TASK OBJECTIVE:
Strip out the pictures and output each remaining line of the data word for word.

RECORDED INFORMATION:
....

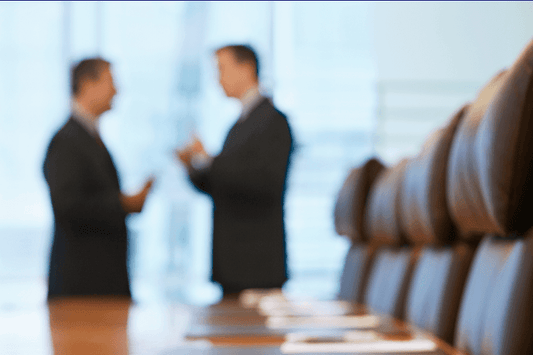 Two men discussing business in a conference room. 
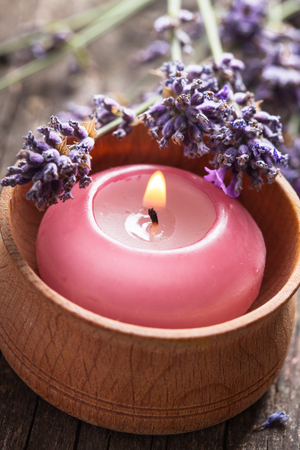 Sprig of fragrant lavender alongside a burning aromatic candleの写真素材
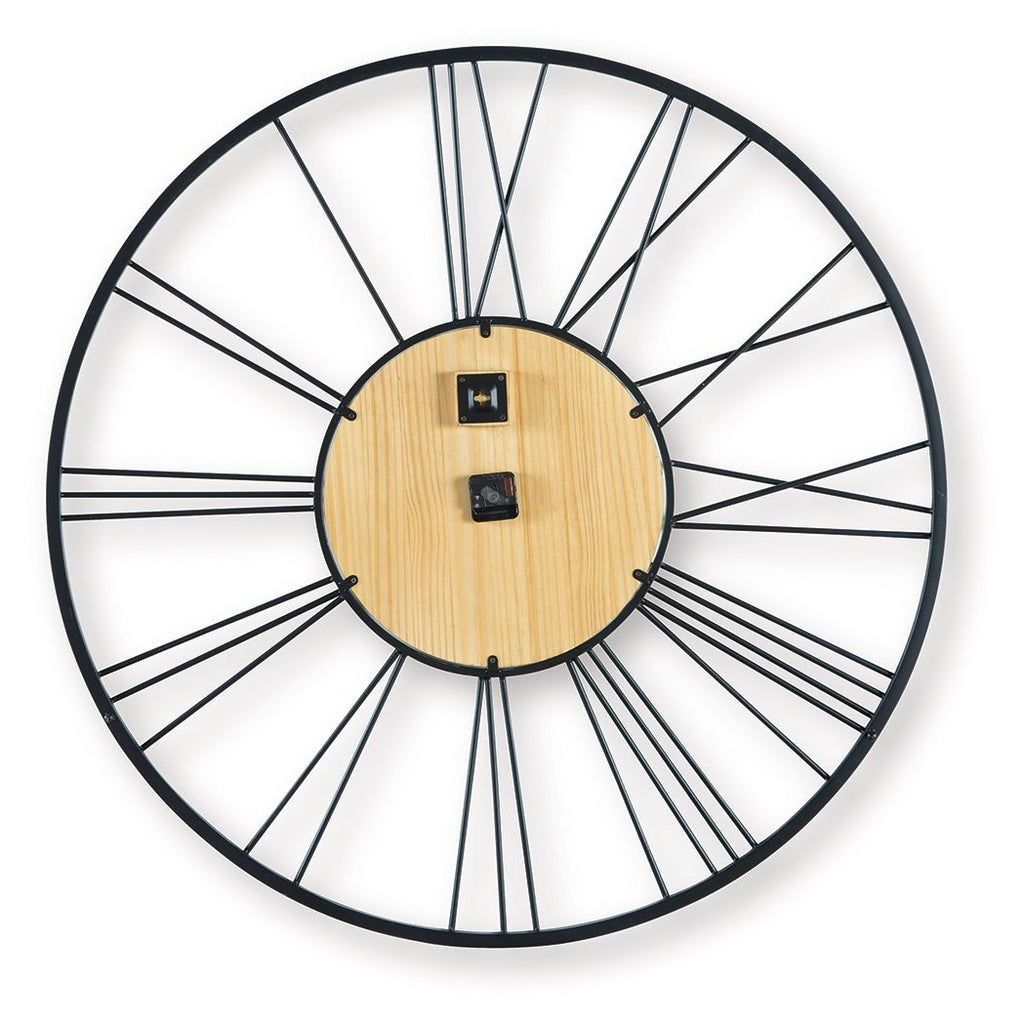 Round wall clock with wood face, black metal rim, and four black mounting pieces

....

EXPECTED OUTPUT:
 Two men discussing business in a conference room. 
 Sprig of fragrant lavender alongside a burning aromatic candleの写真素材
 Round wall clock with wood face, black metal rim, and four black mounting pieces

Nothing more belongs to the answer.